Seit der Bezirk inoffiziell "Pregnancy Hill" heißt, muss man sich hier keine großen Gedanken um kinderfreundliche Plätze machen. Die sind für die Hipster-Eltern mit Hang zum Biodynamischen längst geschaffen worden. Bei unserer Recherche stießen wir gleich auf mehrere State-of-the-Art-Babybuden - eine davon sogar mit eigener Kinderfriseurin.

Im Mauerpark spielt eine Percussion-Combo Techno - analog, denn digital kann heute eh jeder -, und feinsinnige Singer-Songwriter schmettern sich in die Herzen ihrer Zuhörer. Nebenan im Amphitheater veranstaltet der Ire Joe Hatchiban seine Karaoke-Show, die "total Kult" ist, wie eine Berlinerin erklärt. Und wieder ein paar Meter weiter fordert der Frontman einer Funk-Band: "Hey, komm, wir retten Berlin!" Wir hatten eigentlich nicht das Gefühl, dass Berlin gerettet werden müsste. Die von Piraterie noch unbeleckte Frida drängt zum CD-Kauf.

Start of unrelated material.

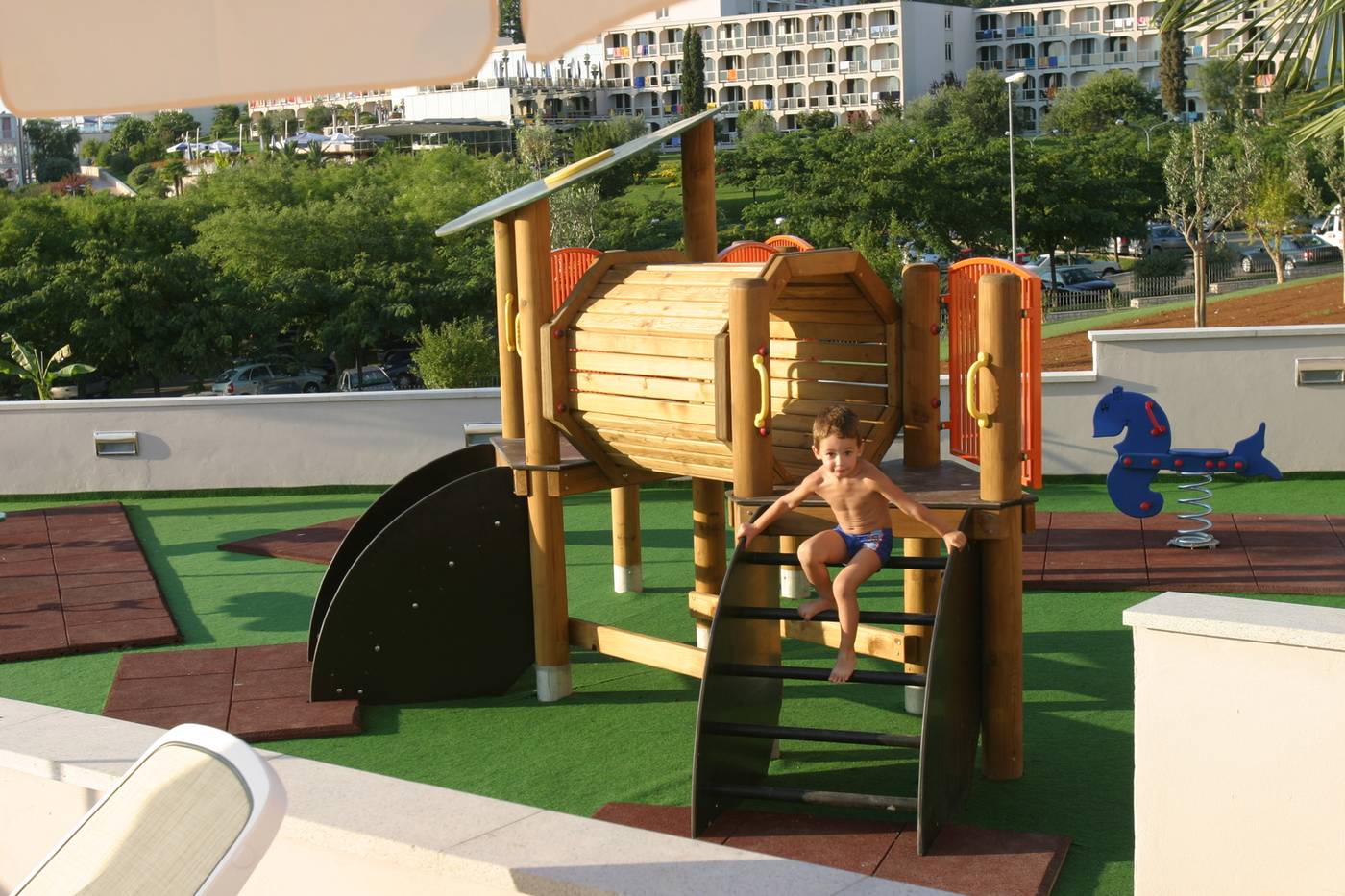 Hotel-Albatros-Plava-Laguna-Sports-and-Entertainment-48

Mit diesem Souvenir in der Tasche brechen wir auf zum Regenbogenspielplatz am anderen Ende des Mauerparks. Das ist nur einer von drei Spielplätzen im buntesten Grünstreifen der Stadt. Lebendiger könnte der frühere "Todesstreifen" zwischen Ost- und Westberlin gar nicht sein. (Gertraud Gerst und Nicole Janata, DER STANDARD, 8.11.2014)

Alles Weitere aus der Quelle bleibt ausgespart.